• **AIM OF THE TASK**
Beginning with the line that contains "305 Watts St, Jackson, MI 49203 - Photo 16", copy each subsequent line of the data below through the last one, including both ends but not the pictures.

• **PROVIDED MATERIAL**
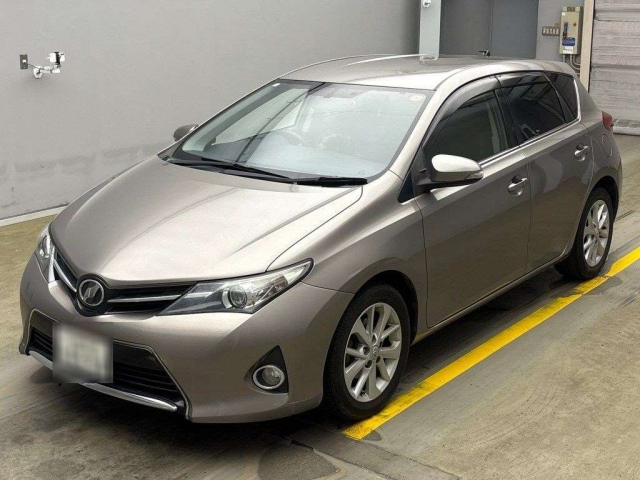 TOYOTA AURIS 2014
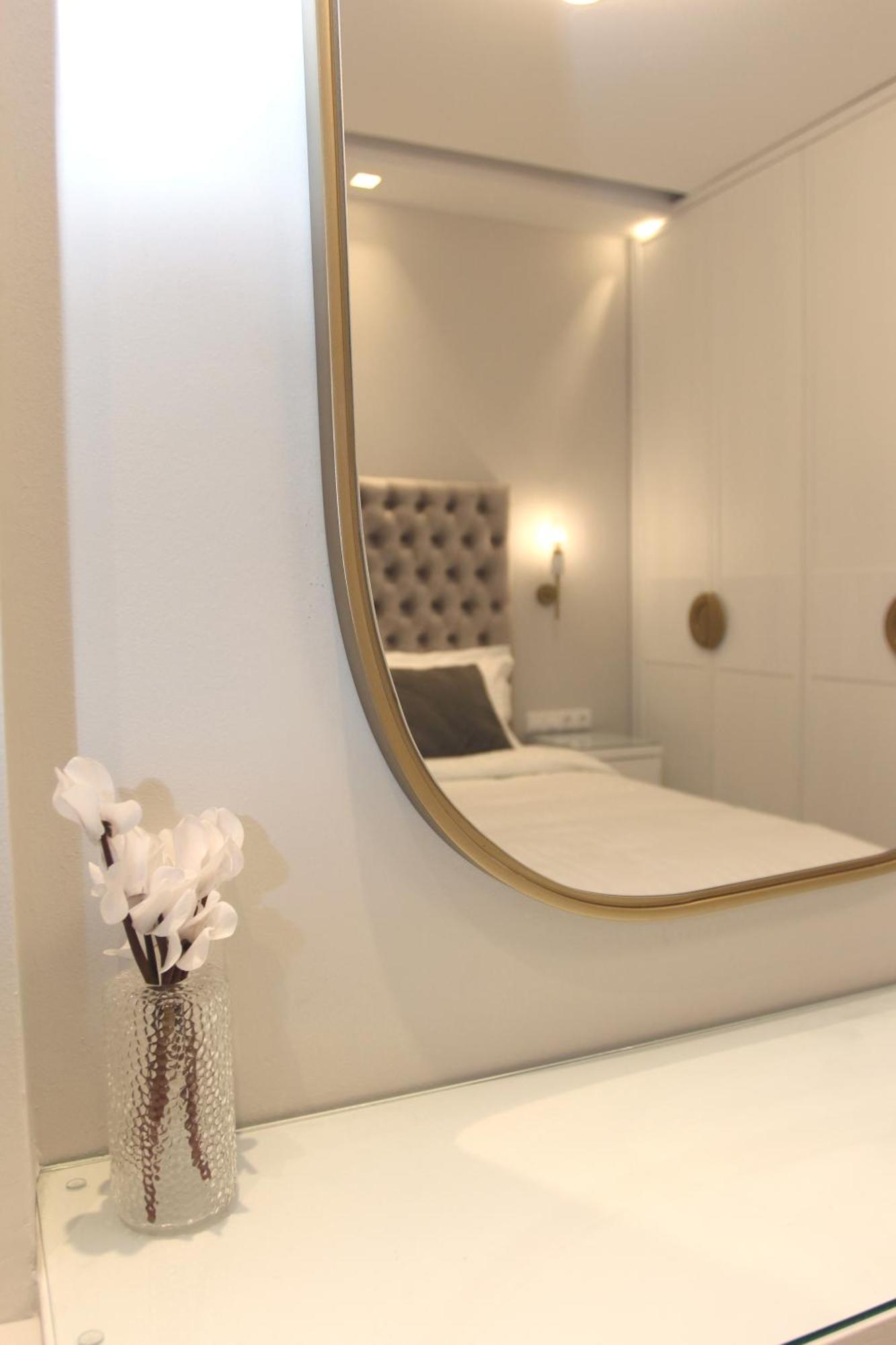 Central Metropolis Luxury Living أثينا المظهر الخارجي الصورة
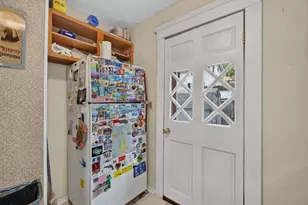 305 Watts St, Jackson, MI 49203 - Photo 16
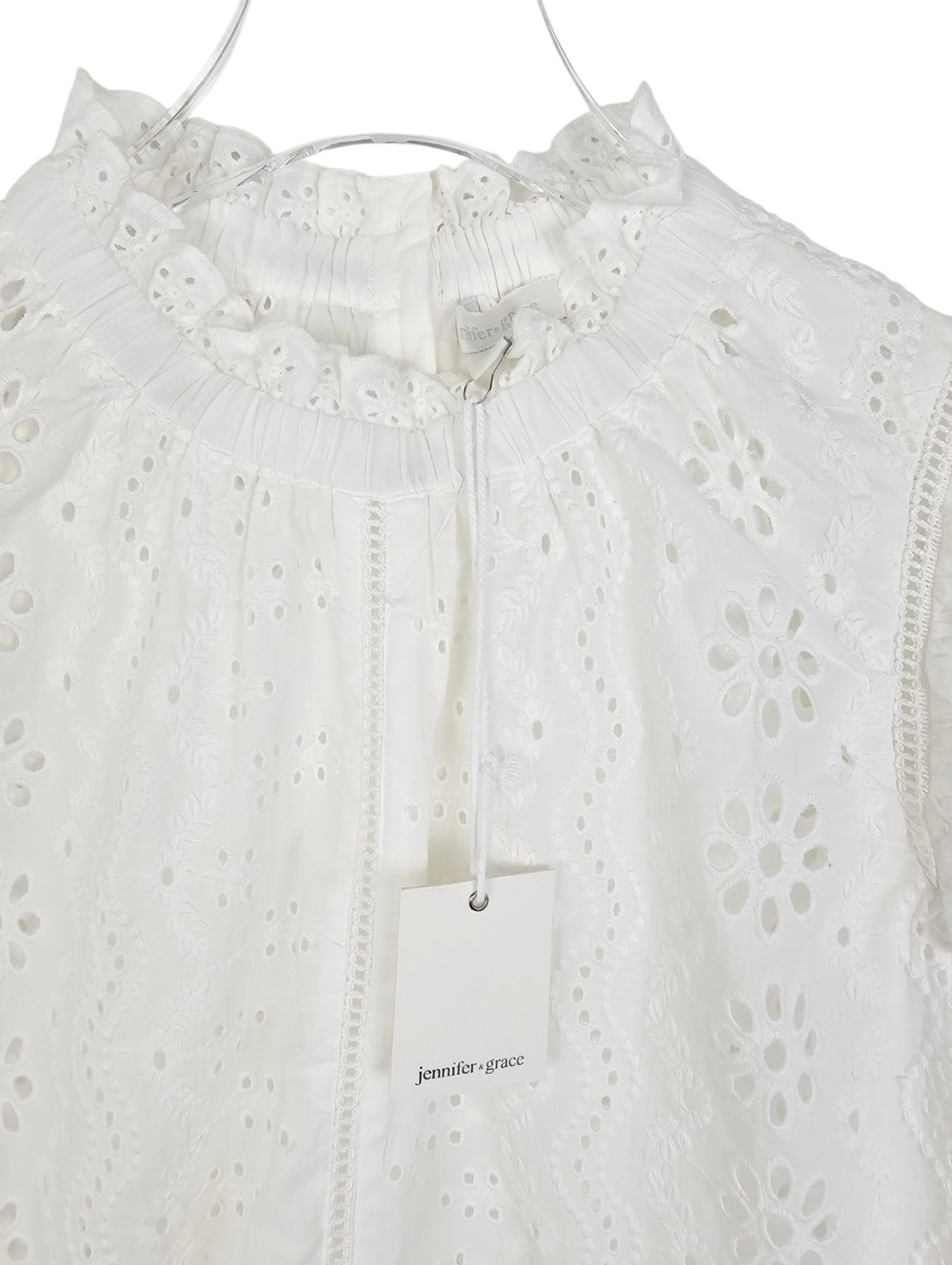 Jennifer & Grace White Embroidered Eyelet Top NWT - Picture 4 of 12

• **EXERCISE OUTPUT**
 305 Watts St, Jackson, MI 49203 - Photo 16
 Jennifer & Grace White Embroidered Eyelet Top NWT - Picture 4 of 12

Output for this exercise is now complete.